• WHAT THE EXERCISE ASKS
Transcribe nothing except the lines below that run from the one with "Faire-part de naissance" to the one with "Mid-Century Modern Dining", ends included, and do not copy any picture.

Stored items:
============================================================

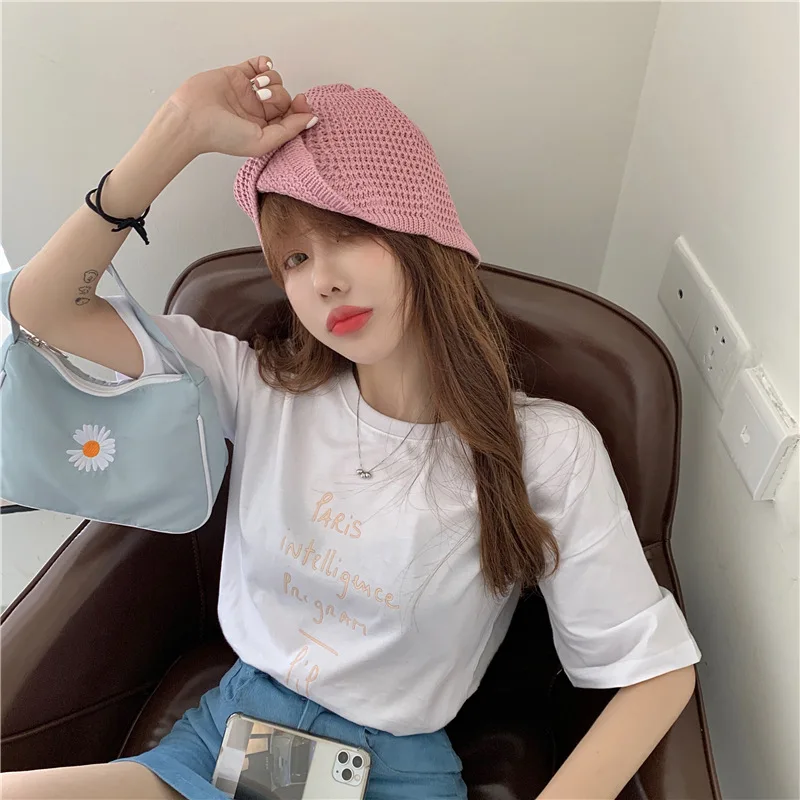 

2021 Summer New Fashion Women T-shirts White Loose Bottoming Ladies Tees 100% Cotton Tshirts Letter Printing Short Sleeve Tops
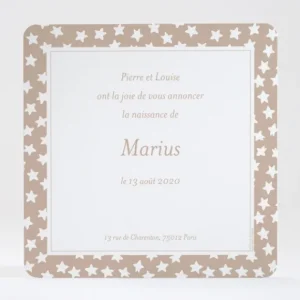 Faire-part de naissance Mon etoile*Faire-part Elégant Fashion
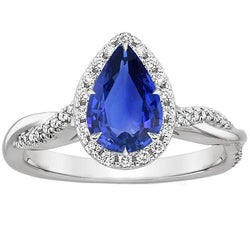 Diamond Halo Blue Sapphire Solitaire With Accents Ring 5.50 Carats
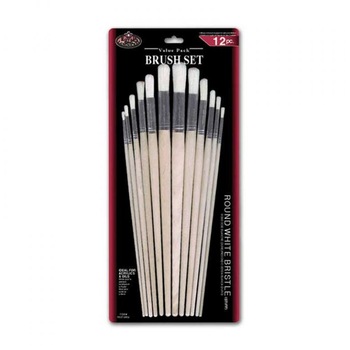 Set 12 pensule rotunde, fir natural White Bristle Royal Set 12 pensule rotunde, fir natural White Bristle Royal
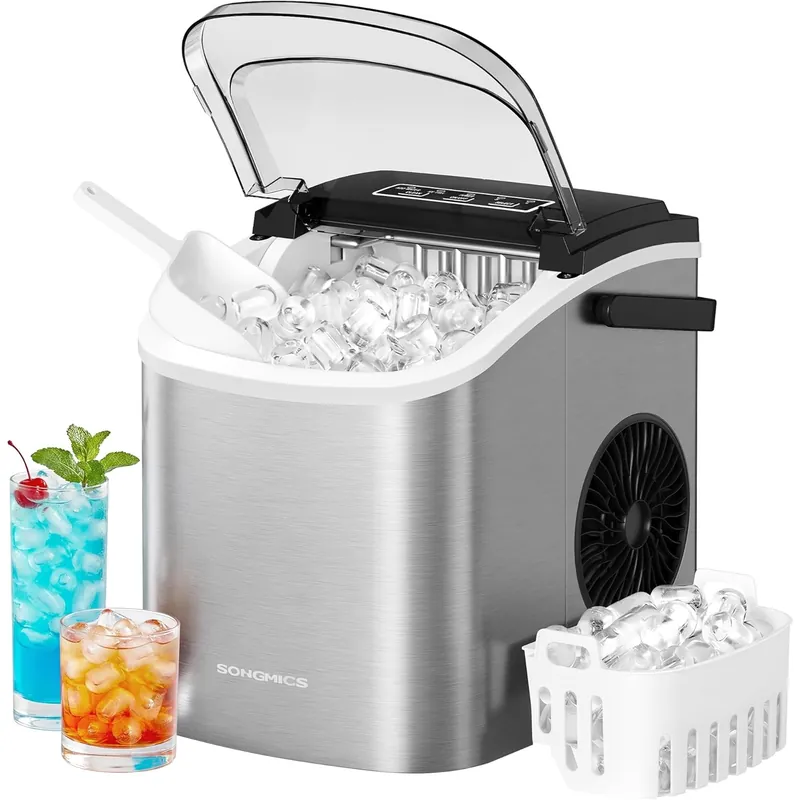 Noutate SONGMICS Masina cuburi gheata, 12 kg/24h, 2 dimensiuni, autocuratare, 31x25x32 cm, gri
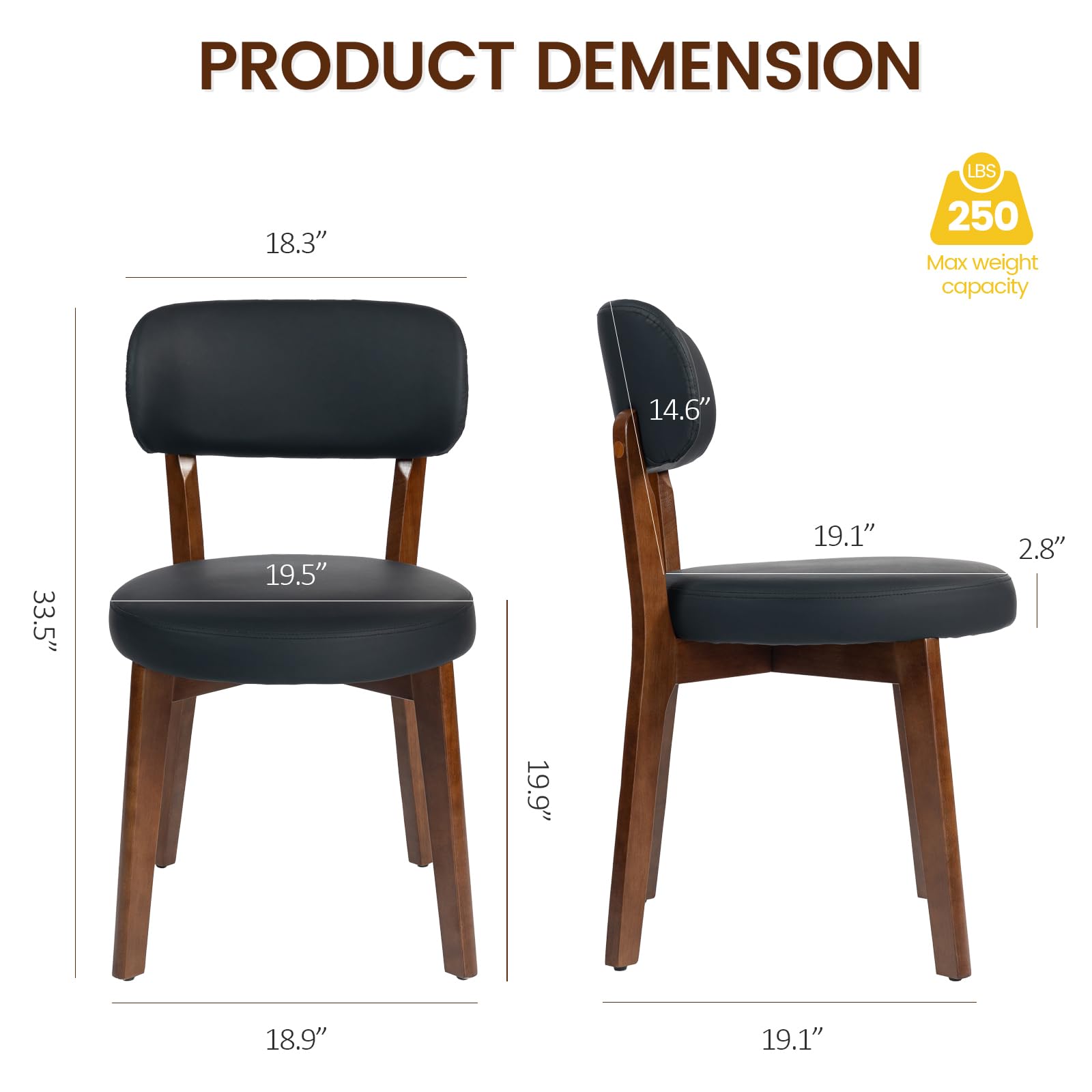 Mid-Century Modern Dining Chair with Rubberwood Frame
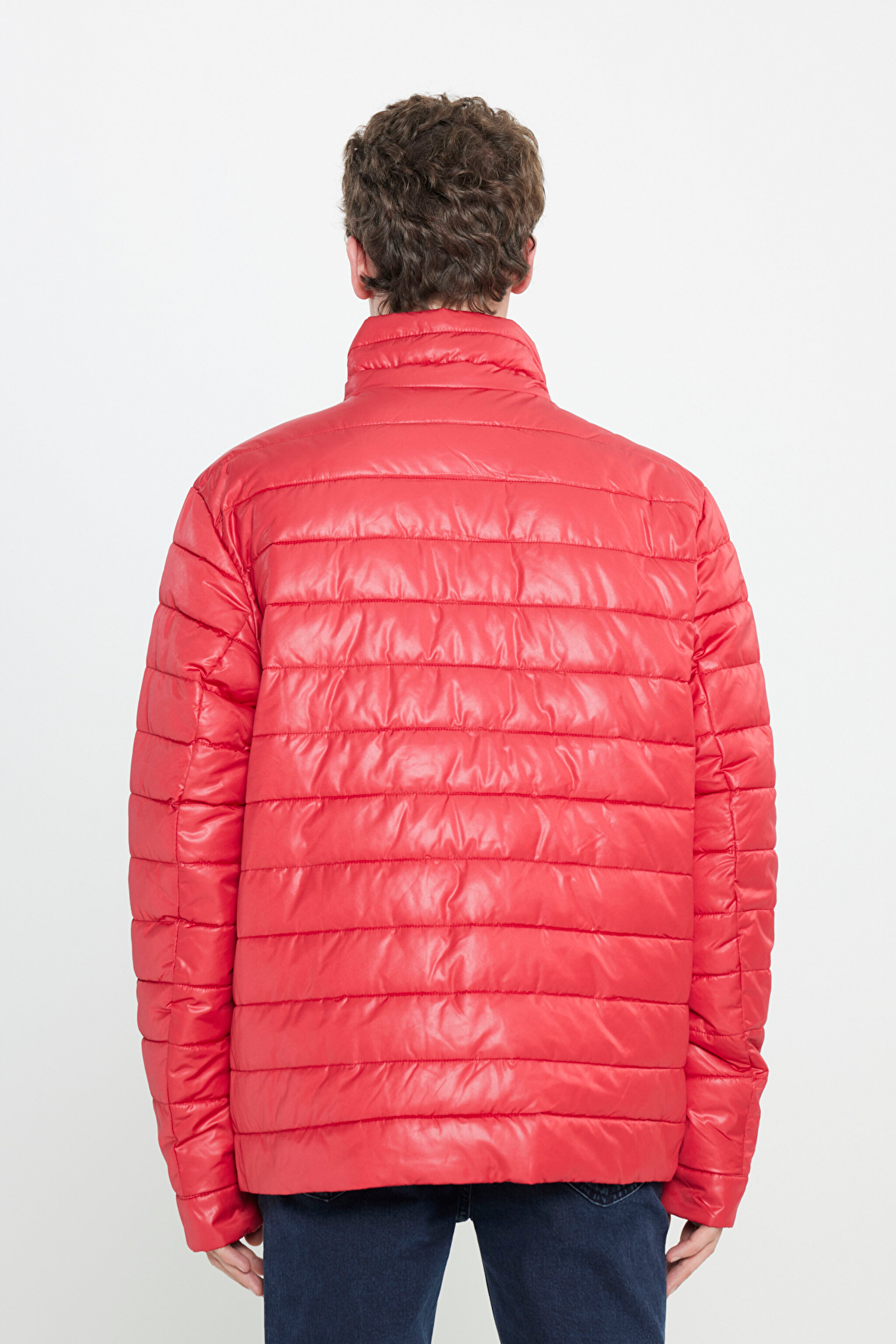 Regular Fit Normal Kesim Dik Yaka Kırmızı Şişme Mont - Red-L222378600 (görsel 5)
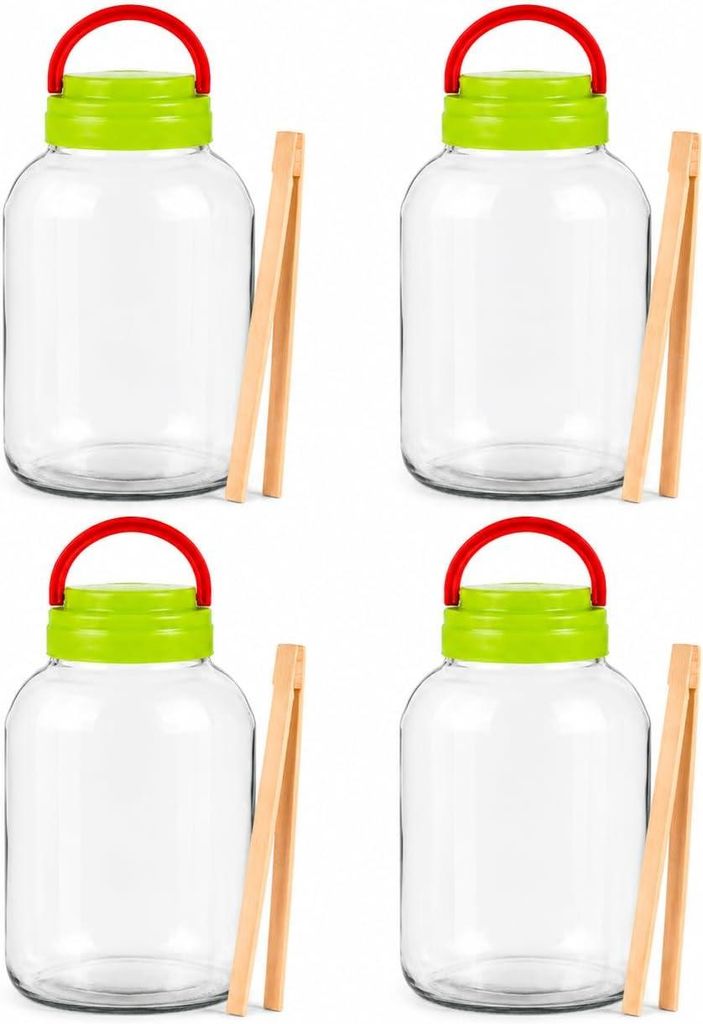 4er Set Gurkengläser 3 L mit Deckel und Holzzange – Produktbild 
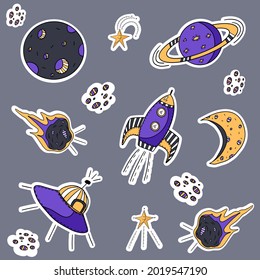 Sticker Pack Space, Rockets, Planets, Stars For Boys And Girls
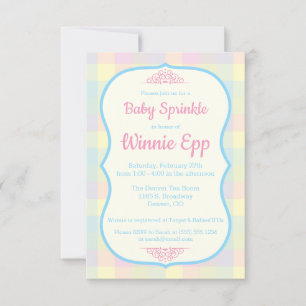 Invitation Pastel En vichy Plaid, Rose, Bleu Bébé Arroser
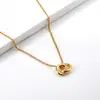 Collar con Colgante de Anillo Sencillo Entrelazado Diseño de Nicho Joyería Chapada en Oro de 18 Quilates Cadena para Clavícula de Acero Inoxidable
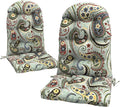LVTXIII 2 Pack Outdoor Adirondack Chair Cushions, 44x19x4 Inch Water Repellent Patio Cushions for Rocking Chairs, Thick Tufted High Back Seat Cushion Set, Paisley Light Cyan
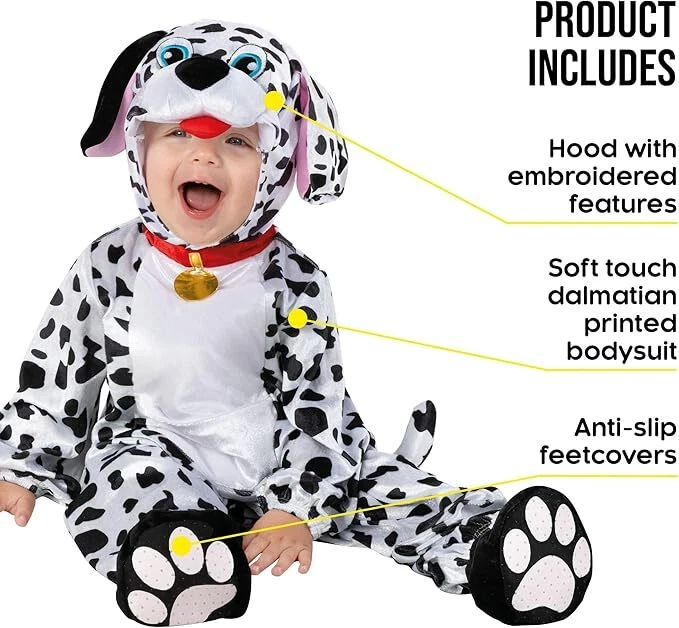 Disfraz de cachorro dálmata para niños pequeños niños niñas bebé perro animal traje 0 - 4 años Foto 3 de 4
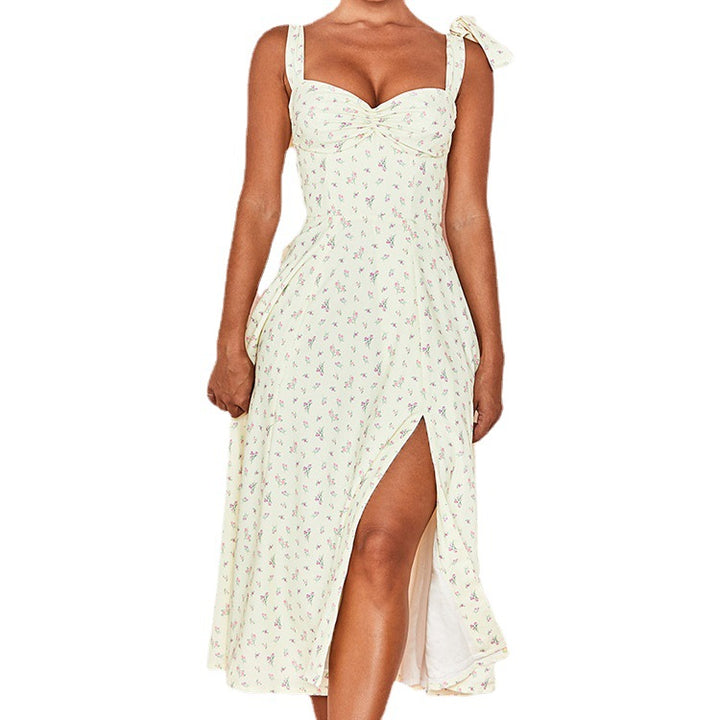 Robe maxi d'été pour femmes avec volants et fente Levoire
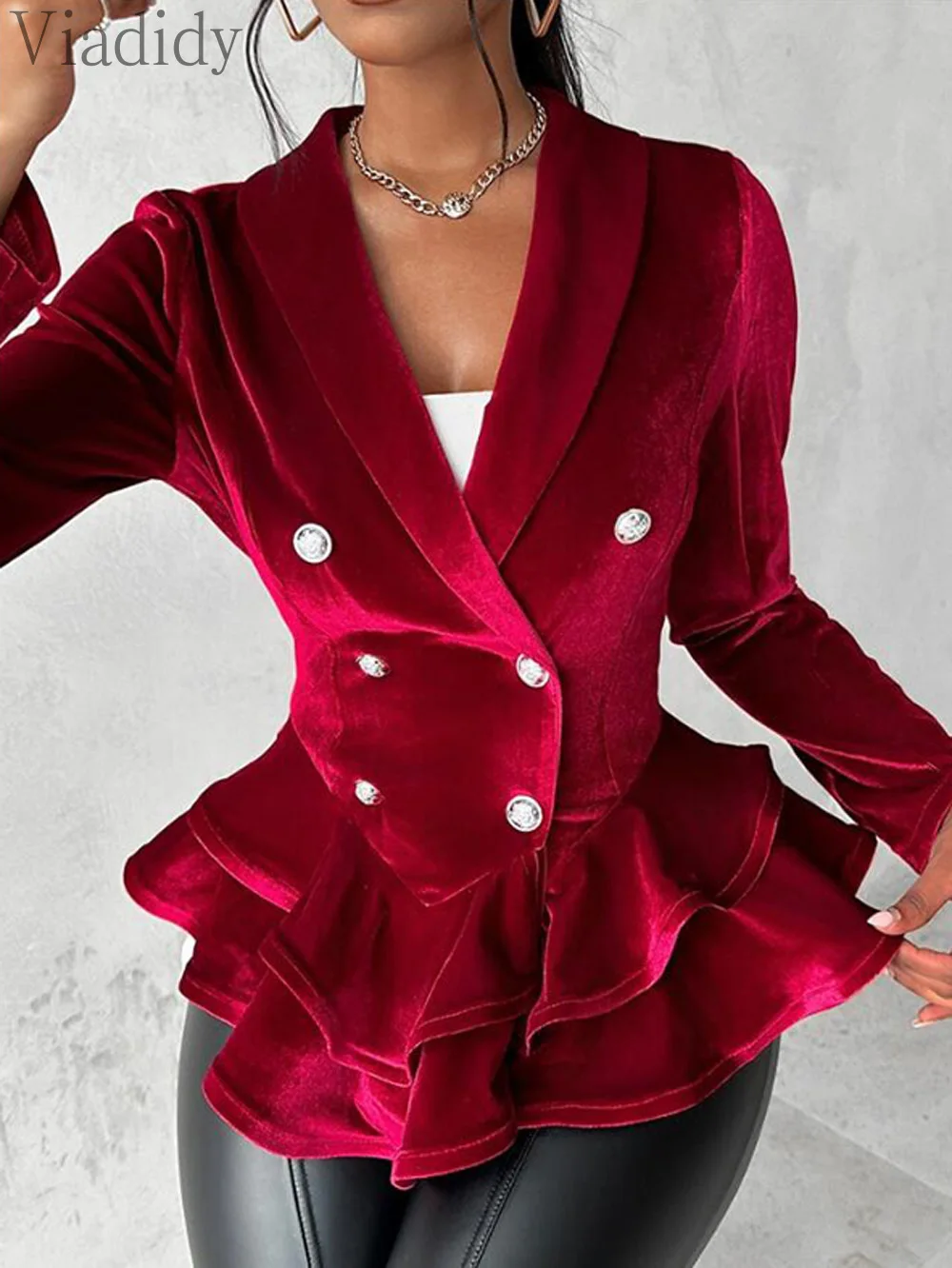 Women Casual Solid Color Double Breasted Velvet Ruffles Design Long Sleeve Blazer Coat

============================================================

• ANSWER SECTION
 Faire-part de naissance Mon etoile*Faire-part Elégant Fashion
 Diamond Halo Blue Sapphire Solitaire With Accents Ring 5.50 Carats
 Set 12 pensule rotunde, fir natural White Bristle Royal Set 12 pensule rotunde, fir natural White Bristle Royal
 Noutate SONGMICS Masina cuburi gheata, 12 kg/24h, 2 dimensiuni, autocuratare, 31x25x32 cm, gri
 Mid-Century Modern Dining Chair with Rubberwood Frame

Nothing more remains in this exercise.